October 6, 2017

Reporting on Digital Performance to the Board

October 6, 2017

Reporting on Digital Performance to the Board

Digital

With over 800 companies in Australia appointing Chief Digital Officers, it is undeniable that digital has found its way to be part of the strategic core of many businesses.

Wedged between the CMO and the CTO, a Chief Digital Officer is tasked to drive growth, especially by converting traditional analog business into digital ones. This makes it the board’s duty to oversee and hold accountable digital technology and its capabilities.

Generally, a board has two fundamental responsibilities: to ensure compliance and to improve performance. In a broader sense, these responsibilities can be divided into the following areas:

  • Vision, purpose, and values of the organisation
  • Approvals of strategy and budgets
  • Appointment and performance evaluation of the CEO
  • Risk oversight
  • Tracking external financial and non-financial reports
  • Supporting effective engagement with key stakeholders

Digital, as a discipline, is still probably in its juvenile years. However, like legal, financial, and risk, digital is already playing a major role throughout every part of an organisation. With technology in a state of constant development, it is likely that this trend will only become more and more prevalent. Conversely, less than 40% of companies believe that their business leaders are equipped to harness and lead digitisation.

From a digital perspective, there is now a drive to provide high-quality, insightful, and timely information that a board can take action on. With so much data coming in, it is important for digital to filter out unnecessary information and focus on providing quality data to maximise its efficiency.

 

How Can a Digital Performance Report Educate a Board?

Having an expert in digital on a board is a step towards the right direction. With its relevance to technology, analytics, customer behaviour, and risks, digital expertise brings a new insightful lens to discussion.

Depending on the industry and mission, there are few key performance measures and risks that can be used to report the organisation’s overall digital health. These can either be summarised in a board report or built into a reporting dashboard.

Ordinarily, you would also include a report on “actual versus planned” and an explanation on the variance.

Here are eight factors a digital performance report can shed light on:

Strategic overview. It provides a summary that includes both internal and external strategy. Along with its planning objectives and KPIs, it also covers data, channel, process, technology, and customer strategy at a minimum. A constructive view of all assets, their interconnection, and the projected roadmaps will allow nontechnical board members to understand how digital is connecting internal and external stakeholders.

Brand performance. Tools like Sprinklr can present regular benchmarks for brand sentiment and reach. This also allows the board to get a topic-based view of brand priorities. KPIs such as brand searches on search engines and mentions on social media will show how strong a brand is. Sentiment will allow businesses to judge what the perception is in the market.
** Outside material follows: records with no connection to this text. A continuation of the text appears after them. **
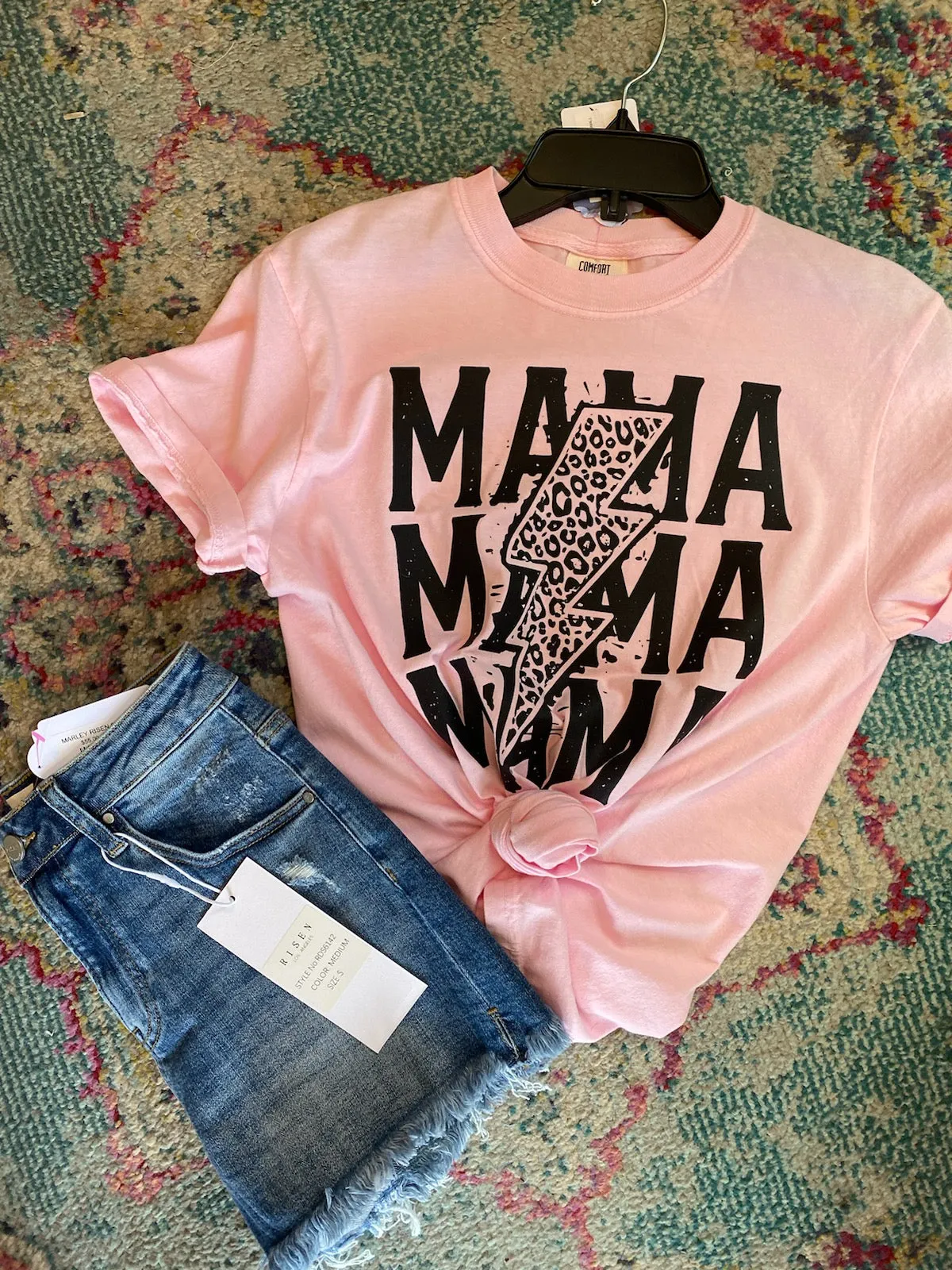 BLOSSOM LIGHTING MAMA TEE
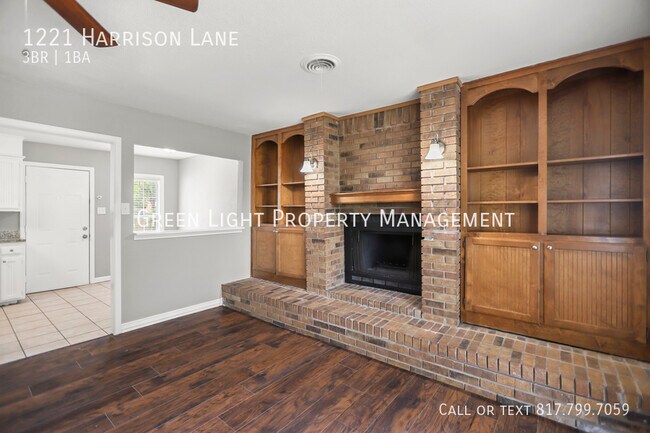 Building Photo - 1221 Harrison Ln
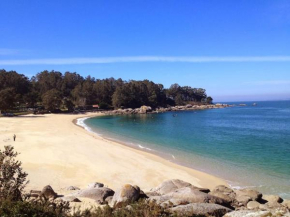 Playa, Jardín y piscina en Cabo Udra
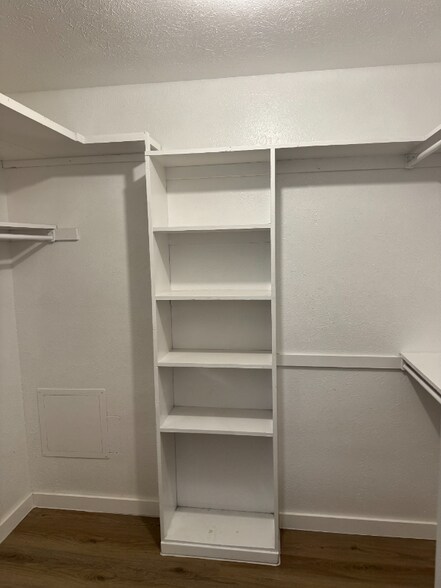Building Photo - 5500 Lakeview Pkwy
Customer analytics. The customer should be at the centre of everything a business does. Customer analytics allows boards to see performance and feedback throughout the customer lifecycle. The report should show ROI on acquisition strategies and key account performance per channel. Information regarding retention and return rates and customer feedback will also allow a board to benchmark lead and lag metrics.

Asset performance and value. A board should be able to calculate a value on all digital assets, from the website to the CRM to customer support. Aspects such as downtime, the value of the data and the cost of maintenance should all be added to the report.

External customer-facing assets. Information on portals, tools, social channels, and websites can be supplied. The web rankings for key industry terms and the overall number of new and existing users can be provided as well.

Risk and issues. The report should provide information on brand, process, customer, and legal risks. This also might cover protection from DDoS attacks, uptime, bottlenecks, or even privacy and data risks. This also might include revenue risk and changes to the market.

Competitive landscape. It presents key competitive changes and challenges to the digital position.

 

Conclusion

Altogether, a board report on digital performance can add as much value as a marketing or financial report.

As businesses rely more on digital assets to conduct day-to-day operations and plan for the future, a temperature gauge and a north star for planning are required. Boards that don’t have full visibility over the performance and risks of their digital assets are liable to make decisions in more of a bubble.

An old-fashioned mindset of “digital is just a channel” makes a business liable to be overtaken by disruption. Similarly dumping all the growth potential into a digital asset or customer interface also can leave a business at risk of losing more than just a shirt.